Check each line of the data for "gris", and copy the ones that have it.

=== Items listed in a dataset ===
• • • • •
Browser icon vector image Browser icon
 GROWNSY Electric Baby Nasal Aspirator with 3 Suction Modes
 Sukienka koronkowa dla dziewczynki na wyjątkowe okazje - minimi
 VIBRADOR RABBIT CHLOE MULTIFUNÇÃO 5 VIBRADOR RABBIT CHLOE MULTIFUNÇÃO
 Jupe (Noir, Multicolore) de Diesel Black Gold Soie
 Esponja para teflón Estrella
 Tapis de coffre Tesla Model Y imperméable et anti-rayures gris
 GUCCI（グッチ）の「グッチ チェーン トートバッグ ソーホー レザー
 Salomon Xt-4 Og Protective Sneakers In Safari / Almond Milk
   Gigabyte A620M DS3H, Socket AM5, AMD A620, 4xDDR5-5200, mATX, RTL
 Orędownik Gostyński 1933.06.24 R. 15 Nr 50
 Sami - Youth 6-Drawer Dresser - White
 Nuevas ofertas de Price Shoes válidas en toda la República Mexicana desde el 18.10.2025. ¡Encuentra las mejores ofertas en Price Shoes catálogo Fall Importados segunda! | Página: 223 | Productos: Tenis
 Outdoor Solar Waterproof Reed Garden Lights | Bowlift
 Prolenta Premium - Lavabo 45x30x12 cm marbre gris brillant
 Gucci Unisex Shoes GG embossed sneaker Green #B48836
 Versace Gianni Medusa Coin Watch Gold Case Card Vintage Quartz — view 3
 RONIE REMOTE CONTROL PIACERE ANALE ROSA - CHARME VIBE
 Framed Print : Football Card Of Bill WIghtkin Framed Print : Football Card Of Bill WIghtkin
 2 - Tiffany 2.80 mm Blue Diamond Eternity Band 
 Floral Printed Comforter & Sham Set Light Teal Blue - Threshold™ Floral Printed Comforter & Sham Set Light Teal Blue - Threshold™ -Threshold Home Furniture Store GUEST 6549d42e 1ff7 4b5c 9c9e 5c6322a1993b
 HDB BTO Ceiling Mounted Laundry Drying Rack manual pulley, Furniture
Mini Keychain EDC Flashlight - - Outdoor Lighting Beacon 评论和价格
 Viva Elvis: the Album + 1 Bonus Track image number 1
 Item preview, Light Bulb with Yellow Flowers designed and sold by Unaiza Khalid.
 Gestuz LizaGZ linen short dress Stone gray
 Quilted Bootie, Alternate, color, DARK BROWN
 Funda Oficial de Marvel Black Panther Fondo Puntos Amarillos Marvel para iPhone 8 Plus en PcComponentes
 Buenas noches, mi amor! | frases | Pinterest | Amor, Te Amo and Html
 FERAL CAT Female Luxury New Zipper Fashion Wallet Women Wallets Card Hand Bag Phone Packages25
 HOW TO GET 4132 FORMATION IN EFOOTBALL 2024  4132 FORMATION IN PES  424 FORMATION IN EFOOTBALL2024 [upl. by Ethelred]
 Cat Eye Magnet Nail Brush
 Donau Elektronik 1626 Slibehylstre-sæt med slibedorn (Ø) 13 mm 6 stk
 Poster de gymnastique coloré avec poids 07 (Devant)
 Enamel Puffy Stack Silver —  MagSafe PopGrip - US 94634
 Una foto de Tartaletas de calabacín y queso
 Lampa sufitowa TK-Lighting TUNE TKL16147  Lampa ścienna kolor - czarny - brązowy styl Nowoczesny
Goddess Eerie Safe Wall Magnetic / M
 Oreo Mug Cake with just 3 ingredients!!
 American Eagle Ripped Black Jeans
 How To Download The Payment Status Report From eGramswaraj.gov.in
• • • • •
=== Solution for this exercise ===
 Tapis de coffre Tesla Model Y imperméable et anti-rayures gris
 Prolenta Premium - Lavabo 45x30x12 cm marbre gris brillant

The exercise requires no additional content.